The trail down from the top is ambiguous and a little tricky to find. We had to make the decent in climbing shoes, so our toes were screaming by the time we hit semi-flat ground.
We had sandwiches and beer for supper at a little place in Idyllwild. During the meal Monica asked me about climbing in Europe and I gave her a brief picture of the areas that I had been to. She had decided that the time was right in her life to cash in and go to Europe indefinitely. She has a flexible job, just ended a relationship, no major bills, no kids, etc..., but we have all talk about doing the very same thing and then decided against it later citing this or that lame excuse. Well not Monica: when she says something, she means it! I got this e-mail from her the week after our trip:
hello all. i'm emailing to inform you that i am in the process of streamlining...selling stuff! i will be having a garage/yard/estate/moving sale at hank’s place next sat. aug. 7th.
i've got stuff ranging from kitchen...clothing...shoes...books...art...camping...sports...decorative...and more. please spread the word and stop by! my car is even up for sale!!! asking 10K.
in case you're wondering...i'm heading to europe.
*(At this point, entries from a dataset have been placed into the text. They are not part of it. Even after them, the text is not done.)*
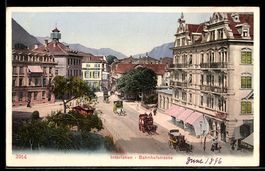 AK Interlaken, Bahnhofstrasse mit Pferdekutschen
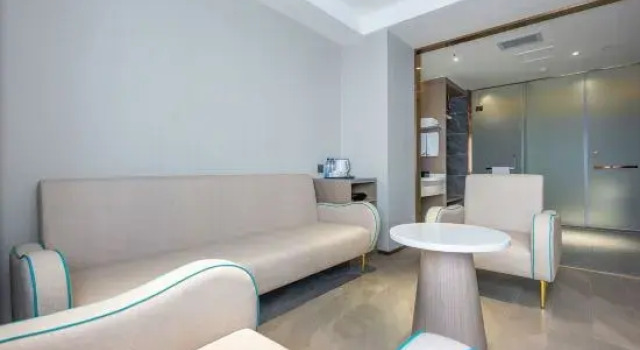 Люкс Luoman Mercure Hotel (Lanzhou Dongfanghong Square Subway Station)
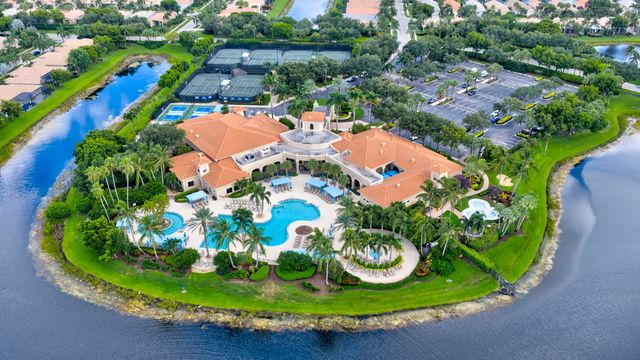 7199 Imperial Beach Circle, Delray Beach, FL 33446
While the hike in and out sucked, that climbing was outstanding and everyone there climbed really strong. It was killer to get a chance to get on some classic rock and to climb with Ross on one more long route before he headed back to Arkansas. I plan on going back and doing a couple more routes at Tahquitz and at Suicide Rocks (in the same valley), but it won’t quite be the same without Ross and Brauning’s “Taint Hat.”